Is the first-order theory (with =) of real numbers with addition and multiplication complete and decidable?

Question

Due to Andreas Blass's answer to my question "Is the feasibility of a system of nonlinear, non-convex equations (inequalities) decidable?", i have now investigated real closed fields (RCF), because i had never studied them before. My background is logic-based cognitive robotics, not model theory or foundations of mathematics. So, the theory of RCF is complete and decidable, but i'm still not sure whether my problem language is a RCF: Literature about RCFs rarely give examples. I would like to know the exact definition of the theory of real numbers which is a RCF. On the Wikipedia page Tarski's axiomatization of the reals, it is mentioned that Tarski showed that the theory of real-closed fields completely axiomatizes the first-order theory of the structure $\langle \mathbb{R}, +, *, < \rangle$.

However, i need to know whether a certain fragment of the first-order logic is decidable, or equivalently, whether a certain class of systems of equations (including the products of at most two variables at a time) is feasible.
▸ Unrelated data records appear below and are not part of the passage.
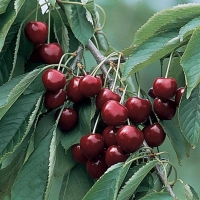 Черешня Мичуринская поздняя с15, Prunus avium, Черешня Мичуринская поздняя
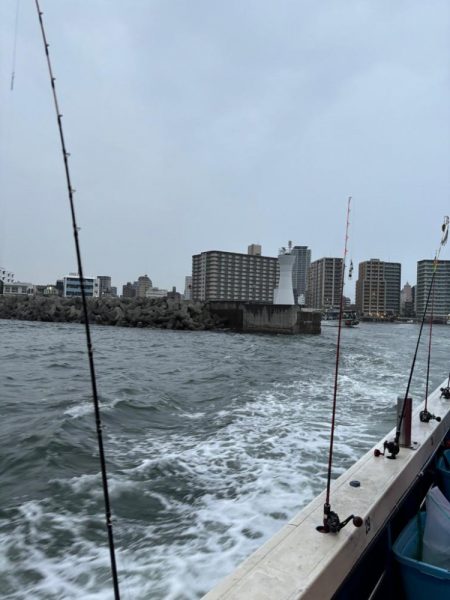 急に暴風　タコ渋い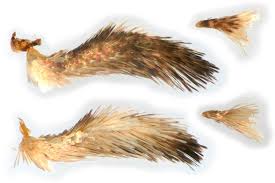 Attēlu rezultāti vaicājumam “Catoptria falsella”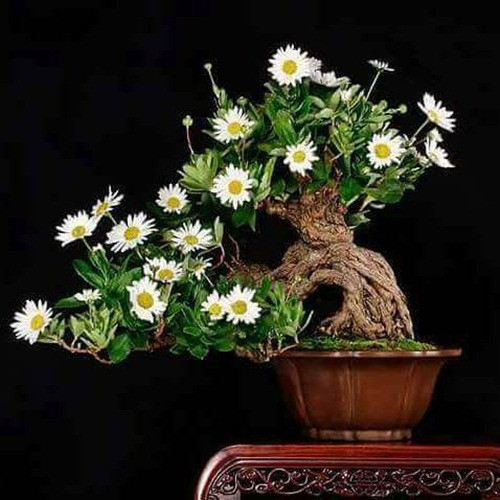 Gốc cây xù xì tạo dáng vẻ cổ kính. Ảnh: FB Quang Ngân Quất Bonsai.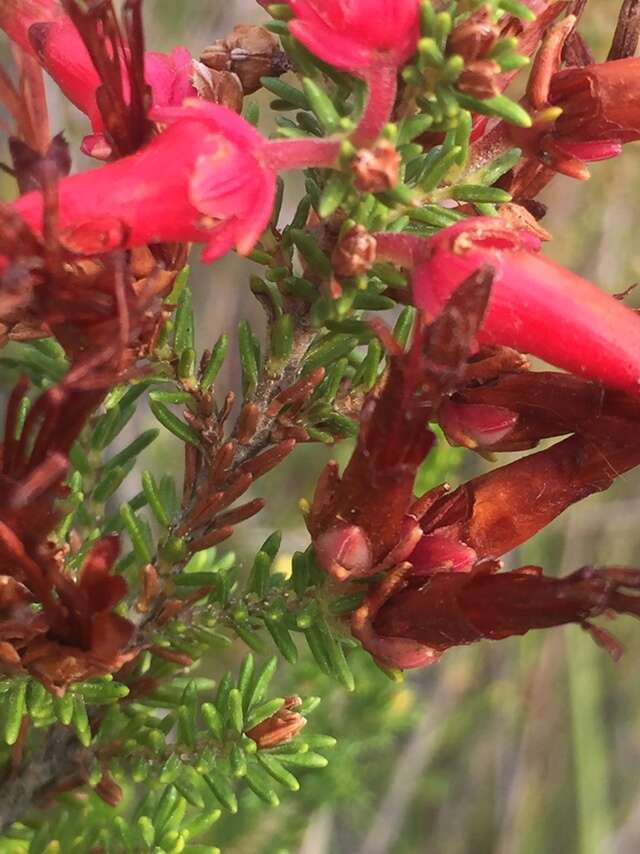 Image of <i>Erica monadelphia</i>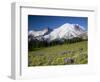 Steamboat Prow Formation, Mount Rainier National Park, Washington, USA-Jamie & Judy Wild-Framed Photographic Print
Is $\langle \mathbb{R}, +, -, *, < \rangle$ (where $\mathbb{R}(x)$ is the predicate stating that $x$ is a real number, or $\mathbb{R}$ is the set of real numbers) a model in the RCF? Is the first order language employed in the theory assumed to include equality (=)? So, do sentences like the following fall within the RCF (assume $x$ and $y$ with subscripts are real number variables)?

$(\exists x_1,x_2,x_3,y_1,y_2,y_3)\quad (x_1*y_2 + x_2*y_3 = 0.223) \; \land$

$\quad \lnot( x_1*y_1 + x_3*y_2 = 0.928) \; \land $

$\quad ((x_1 + x_2 + x_3 = 1) \lor (x_1 + x_2 + x_3 = 0))$.

Moreover, is truth of sentences of this kind decidable and complete in the structure $\langle \mathbb{R}, +, -, *, < \rangle$? Andreas hinted at to the affirmative, but due to my unfamiliarity with the subject, i need to confirm it. I would appreciate a reference which plaintly states that the first-order theory (with =) of real numbers with addition and multiplication is complete and decidable.

Answer 1

Yes, all those assertions are expressible in the language of real closed fields, and all such assertions are decidable by Tarski's theorem. You can refer to addition, subtraction, multiplication, division, etc., plus the order; you can refer to any specific rational number (such as .223 etc.) because you have $1$ in the language and can therefore form any rational number; you can form any polynomial and indeed any rational function, with rational coeffficients, in any specific finite number of variables; and you can quantify over the real numbers and apply any kind of logical connective.

What Tarski proved is that in fact every such assertion is equivalent to a (much longer) quantifier-free assertion, and this is ultimately why they are decidable.

Theorem. (Tarski) The first-order theory of real-closed fields, which is the same as the theory of the structure $\langle\mathbb{R},+,\cdot,0,1,\lt\rangle$ is complete and decidable, and admits quantifier-elimination.

What you cannot do while remaining under the decidability result is quantify over the integers or the rational numbers. So you cannot necessarily decide questions like, "does this specific polynomial $p(\vec x)$ have an integer solution?". In particular, if you add a predicate for the integers to the structure, forming $\langle\mathbb{R},+,\cdot,\mathbb{Z},0,1,\lt\rangle$, where $\mathbb{Z}$ is a predicate that is true of exactly the real numbers that are integers, then the theory is no longer decidable. For this reason, the theory of the structure $\langle\mathbb{R},+,\cdot,\sin(x),0,1,\lt\rangle$ is not decidable, because in it we can define the integers. So while you can refer to specific polynomial or rational functions over the integers, you may not quantify over the class of such polynomials.

Similarly, you also cannot quantify over the dimension (which amounts to an integer quantifier), and ask something like: does every upper triangular $n\times n$ matrix (for every $n\geq 1$) have a certain property? That is, in order to stay within Tarski's language, you can in effect quantify over $\mathbb{R}^3$ or $\mathbb{R}^{86}$ or $\mathbb{R}^n$ for a specific $n$ by using $n$ individual real quantifiers, but you cannot treat $n$ itself as a variable here.

My opinion---probably overblown---is that Tarski's theorem is one of the great pinnacles of mathematical achievement. One of the consequences of his theorem, for example, is that Cartesian geometry is decidable. Tarski's theorem provides an algorithm that will decide by rote any question you can put to it about lines, circles, ellipses, cones, spheres, ellisoids, planes, cubes and so on, in any specific dimension. All such questions are expressible in the language of real-closed fields. (OK, I admit that the algorithm takes double exponential time, and is not feasible. But still, I find the existence of such an algorithm for a topic that has been studied by mathematicians for thousands of years to be amazing.)